I bought a brand-new car after my retirement. The car had a problem in its engine, so I brought it to the repair shop. The mechanic/repair shop owner promised that he could repair the car within three days. After the car was repaired, I found out that it was still having the same engine problem, so I returned the car to the repair shop. The mechanic/repair shop owner promised again that the problem will be remedied. But the same engine problem continued when I retrieved it. I am really disgusted by the kind of service that the car repair shop had extended, so now I am planning to file a case against the owner. Please help me on what case to file.
There are two remedies available for you, which are subject to certain requirements. First, you can file for violation of Republic Act (RA) 7394 or the Consumer Act of the Philippines against the owner of the repair shop, if you cannot run after the seller or manufacturer, because the car problem occurred beyond the Lemon Law Rights period. Article 99 of this law provides:
“Art. 99. Liability for Defective Services. – The service supplier is liable for redress, independently of fault, for damages caused to consumers by defects relating to the rendering of the services, as well as for insufficient or inadequate information on the fruition and hazards thereof.
The service is defective when it does not provide the safety the consumer may rightfully expect of it, taking the relevant circumstances into consideration, including but not limited to:
a) manner in which it is provided.
b) the result of hazards which may reasonably be expected of it;
c) the time when it was provided.
A service is not considered defective because of the use or introduction of new techniques.
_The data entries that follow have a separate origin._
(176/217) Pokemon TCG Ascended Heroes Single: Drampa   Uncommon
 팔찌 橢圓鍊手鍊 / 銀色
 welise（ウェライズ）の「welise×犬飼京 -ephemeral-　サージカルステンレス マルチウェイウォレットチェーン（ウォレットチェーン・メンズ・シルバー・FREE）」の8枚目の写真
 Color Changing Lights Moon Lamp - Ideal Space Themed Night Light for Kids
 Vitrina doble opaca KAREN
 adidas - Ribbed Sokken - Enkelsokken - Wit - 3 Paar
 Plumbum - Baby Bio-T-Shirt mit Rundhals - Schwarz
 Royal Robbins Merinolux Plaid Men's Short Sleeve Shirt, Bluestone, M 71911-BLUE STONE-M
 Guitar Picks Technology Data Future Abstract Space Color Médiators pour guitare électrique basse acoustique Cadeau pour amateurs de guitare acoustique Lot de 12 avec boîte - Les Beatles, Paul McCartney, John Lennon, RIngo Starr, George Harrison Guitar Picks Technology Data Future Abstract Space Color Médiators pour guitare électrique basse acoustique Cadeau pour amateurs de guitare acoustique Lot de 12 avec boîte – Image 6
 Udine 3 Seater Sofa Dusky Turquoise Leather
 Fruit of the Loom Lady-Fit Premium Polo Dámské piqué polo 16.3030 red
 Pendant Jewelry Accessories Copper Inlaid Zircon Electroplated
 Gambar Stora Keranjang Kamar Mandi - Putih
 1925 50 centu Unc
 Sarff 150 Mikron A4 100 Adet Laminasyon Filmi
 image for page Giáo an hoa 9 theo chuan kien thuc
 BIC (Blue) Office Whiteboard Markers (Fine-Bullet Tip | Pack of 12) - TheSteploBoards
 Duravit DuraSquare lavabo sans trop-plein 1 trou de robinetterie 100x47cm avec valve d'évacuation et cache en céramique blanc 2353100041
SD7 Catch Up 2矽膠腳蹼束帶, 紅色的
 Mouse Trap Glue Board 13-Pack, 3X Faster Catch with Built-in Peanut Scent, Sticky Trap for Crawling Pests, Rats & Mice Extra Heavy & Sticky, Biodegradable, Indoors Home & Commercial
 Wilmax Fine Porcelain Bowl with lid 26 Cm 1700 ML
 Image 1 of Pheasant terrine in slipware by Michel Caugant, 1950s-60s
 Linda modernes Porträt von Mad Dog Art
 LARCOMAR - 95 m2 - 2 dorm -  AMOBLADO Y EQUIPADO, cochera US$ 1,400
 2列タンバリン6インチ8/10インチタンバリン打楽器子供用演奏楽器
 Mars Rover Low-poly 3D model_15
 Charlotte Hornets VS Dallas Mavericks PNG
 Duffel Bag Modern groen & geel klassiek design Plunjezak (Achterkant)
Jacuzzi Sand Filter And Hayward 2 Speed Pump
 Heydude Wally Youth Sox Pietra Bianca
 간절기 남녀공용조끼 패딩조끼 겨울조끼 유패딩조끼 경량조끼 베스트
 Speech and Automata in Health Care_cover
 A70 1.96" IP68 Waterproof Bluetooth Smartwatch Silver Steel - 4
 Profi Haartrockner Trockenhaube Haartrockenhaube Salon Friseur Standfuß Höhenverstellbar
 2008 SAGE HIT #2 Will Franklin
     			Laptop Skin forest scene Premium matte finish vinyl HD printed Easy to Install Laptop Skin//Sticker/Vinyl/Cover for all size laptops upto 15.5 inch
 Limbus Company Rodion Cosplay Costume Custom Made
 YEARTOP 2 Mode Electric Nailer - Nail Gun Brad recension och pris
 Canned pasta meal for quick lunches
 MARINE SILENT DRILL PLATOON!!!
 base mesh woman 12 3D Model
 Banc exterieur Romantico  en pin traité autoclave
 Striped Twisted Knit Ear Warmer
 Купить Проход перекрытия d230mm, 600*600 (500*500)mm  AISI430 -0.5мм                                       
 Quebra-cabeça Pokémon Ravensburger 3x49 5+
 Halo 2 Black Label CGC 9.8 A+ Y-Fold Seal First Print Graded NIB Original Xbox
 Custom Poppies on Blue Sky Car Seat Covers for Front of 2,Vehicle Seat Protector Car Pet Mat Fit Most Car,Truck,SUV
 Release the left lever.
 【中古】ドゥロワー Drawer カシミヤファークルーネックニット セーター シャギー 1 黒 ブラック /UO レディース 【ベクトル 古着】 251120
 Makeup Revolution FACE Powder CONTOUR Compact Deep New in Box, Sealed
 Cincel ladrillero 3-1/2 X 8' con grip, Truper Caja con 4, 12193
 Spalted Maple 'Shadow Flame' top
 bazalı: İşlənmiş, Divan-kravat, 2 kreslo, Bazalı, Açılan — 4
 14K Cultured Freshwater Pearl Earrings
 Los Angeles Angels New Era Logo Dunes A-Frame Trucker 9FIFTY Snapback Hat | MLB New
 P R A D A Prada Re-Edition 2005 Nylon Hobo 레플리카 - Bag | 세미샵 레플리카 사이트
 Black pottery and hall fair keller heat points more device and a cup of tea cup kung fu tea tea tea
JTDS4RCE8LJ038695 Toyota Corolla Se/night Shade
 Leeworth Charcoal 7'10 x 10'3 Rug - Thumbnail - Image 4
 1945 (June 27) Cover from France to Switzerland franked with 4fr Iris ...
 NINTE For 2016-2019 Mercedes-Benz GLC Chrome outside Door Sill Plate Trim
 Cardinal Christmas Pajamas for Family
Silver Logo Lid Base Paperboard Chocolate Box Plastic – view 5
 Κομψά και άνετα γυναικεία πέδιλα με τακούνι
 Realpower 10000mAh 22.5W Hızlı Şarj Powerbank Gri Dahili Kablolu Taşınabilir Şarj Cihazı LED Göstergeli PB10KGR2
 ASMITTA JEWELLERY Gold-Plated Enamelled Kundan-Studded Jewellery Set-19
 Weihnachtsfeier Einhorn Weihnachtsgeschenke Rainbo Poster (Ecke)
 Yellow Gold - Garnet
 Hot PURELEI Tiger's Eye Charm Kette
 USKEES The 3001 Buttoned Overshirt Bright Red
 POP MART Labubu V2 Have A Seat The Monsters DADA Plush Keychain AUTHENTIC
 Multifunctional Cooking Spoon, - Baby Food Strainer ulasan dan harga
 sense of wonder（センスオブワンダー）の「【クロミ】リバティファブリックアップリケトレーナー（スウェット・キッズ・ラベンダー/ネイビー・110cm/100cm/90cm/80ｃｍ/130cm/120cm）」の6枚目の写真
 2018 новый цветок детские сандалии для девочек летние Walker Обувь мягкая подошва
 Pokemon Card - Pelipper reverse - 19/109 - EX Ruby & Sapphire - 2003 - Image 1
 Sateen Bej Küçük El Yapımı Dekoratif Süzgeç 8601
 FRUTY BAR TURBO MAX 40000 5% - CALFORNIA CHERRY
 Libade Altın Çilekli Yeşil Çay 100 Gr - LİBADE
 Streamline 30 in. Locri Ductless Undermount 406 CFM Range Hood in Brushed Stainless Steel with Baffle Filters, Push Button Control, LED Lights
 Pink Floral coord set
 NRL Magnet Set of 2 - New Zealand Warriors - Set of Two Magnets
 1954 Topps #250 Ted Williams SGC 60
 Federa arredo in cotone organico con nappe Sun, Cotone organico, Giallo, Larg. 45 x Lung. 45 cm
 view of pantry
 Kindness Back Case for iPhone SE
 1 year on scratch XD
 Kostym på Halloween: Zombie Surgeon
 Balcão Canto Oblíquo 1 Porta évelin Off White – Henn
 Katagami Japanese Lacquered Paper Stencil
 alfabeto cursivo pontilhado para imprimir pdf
The supplier of the services shall not be held liable when it is proven:
a) that there is no defect in the service rendered;
b) that the consumer or third party is solely at fault.”
Correlative to the above-mentioned provision is Article 102 of the same law which states:
“Art. 102. Liability for Service Quality Imperfection. – The service supplier is liable for any quality imperfection that renders the services improper for consumption or decrease their value, and for those resulting from inconsistency with the information contained in the offer or advertisement, the consumer being entitled to demand alternatively at his option:
a) the performance of the services, without any additional cost and when applicable;
b) the immediate reimbursement of the amount paid, with monetary updating without prejudice to losses and damages, if any;
c) a proportionate price reduction.
Reperformance of services may be entrusted to duly qualified third parties, at the supplier’s risk and cost. Improper services are those which prove to be inadequate for purposes reasonably expected of them and those that fail to meet the provisions of this Act regulating service rendering”.
When services are provided for the repair of any product, the supplier shall be considered implicitly bound to use adequate, new, original replacement parts, or those that maintain the manufacturer’s technical specifications unless otherwise authorized as regards to the latter by the consumer (Article 103, Ibid.)
Second, you can avail of the Lemon Law Rights under Section 7 of RA 10642 as against the car seller, provided that “the car’s problem is non-conformity with the vehicle’s manufacturer standards or specification and the defect arises within 12 months from the date of delivery to the consumer or up to 20,000 kilometers of operation after such delivery, whichever comes first (Section 4, RA 10642).”
Again, we find it necessary to mention that this opinion is solely based on the facts you have narrated and our appreciation of the same. The opinion may vary when the facts are changed or elaborated.
We hope that we were able to enlighten you on the matter.